3) Menurut Richard F. Neuschel (1971) yang dikutip oleh Yogiyanto (1996:4), prosedur adalah suatu urut-urutan kegiatan klerikal
(tulis menulis) biasanya melibatkan
beberapa orang di dalam satu atau lebih departemen, yang diterapkan untuk menjamin penanganan yang seragam dari transaksi-transaksi bisnis yang terjadi. 4) Menurut Jerry Fitz Gerald dkk (1981) yang dikutip oleh Yogiyanto (1996:5), prosedur adalah suatu susunan teratur sebuah kegiatan yang berhubungan satu dengan lainnya dan prosedur-prosedur
yang
berkaitan
memudahkan
dan
melaksanakan kegiatan utama dari suatu organisasi. Berdasarkan pengertian prosedur menurut para ahli di atas dan juga aturan formal prosedur tertulis, dapat disimpulkan bahwa prosedur adalah suatu sistem terdiri dari jaringan prosedur artinya bahwa suatu sistem terdiri dari beberapa prosedur yang menjadi satu kesatuan yang memiliki kertkaitan satu dengan lainnya.
2.2.2
Pengertian Impor Menurut alfred Hutauruk (Amir MS,2013:139), Impor adalah
membawa barang dari luar Indonesia dan dalam kapal ke darat atau dari dalam kapal terbang, kecuali perbuatan itu berhubungan dengan pengangkutan lanjutan atau impor adalah memasukan barang-barang dari
luar negeri sesuai denga peraturan pemerintah ke dalam peredaran dalam masyarakat yang dibayar dengan valas. Jadi yang dimaksud impor adalah kegiatan memasukan barang ke dalam daerah pabean. Adapun prosedur dalam melakukan kegiatan impor hampir sama dengan melakukan kegiatan ekspor. Dalam prakteknya, kegiatan impor melibatkan banyak pihak, yaitu : a)
Bank
b)
Freight Forwader, EMKI, PPJK
c)
Shipping Company/Perusahaan Pelayanan
d)
Asuransi
e)
Bea cukai
f)
Surveyor (Badan Pemeriksa)
g)
Kedutaaan/Konsultan
Berdasarkan kriteria tertentu, Dirjen Bea Cukai mentukan jalur pengeluaran barang impor sebagai berikut : 1)

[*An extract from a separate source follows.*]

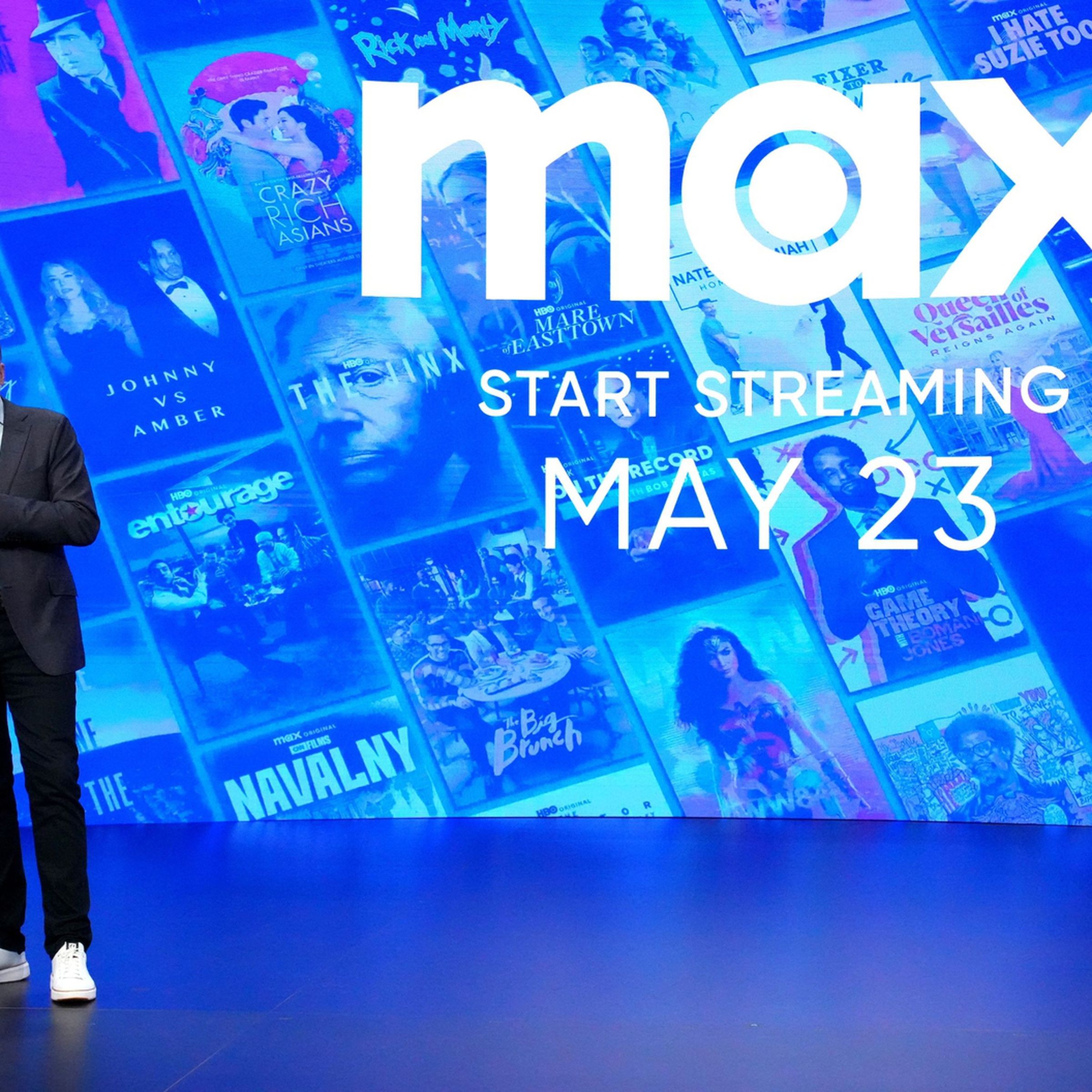 A picture of chair and CEO of HBO and Max content, Casey Bloys, standing in front of the Max logo.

Jalur Merah Kritria jalur merah : a)
Importir baru
b)
Importir yang termasuk dalam kategori resiko tinggi (high risk impoter)
c)
Barang impor sementara
d)
Barang Operasional Peminyakan (BOP) golongan II
e)
Barang re-impor
f)
Terkena pemeriksaan acak
g)
Barang impor tertentu yang ditetapkan oleh pemerintah
h)
Barang impor yang termasuk dalam komoditi beresiko tinggi dan/atau berasal dari negara yang beresiko tinggi. Untuk
jalur
merah
dilakukan
penelitian
dokumen
dan
pemeriksaan fisik barang. Dalam jalur merah, dilakukan pemeriksaan fisik apabila ada Nota Hasil Itelijen (NHI)/Nota Informasi (NI), dan/atau terkena pemeriksaan acak. 2)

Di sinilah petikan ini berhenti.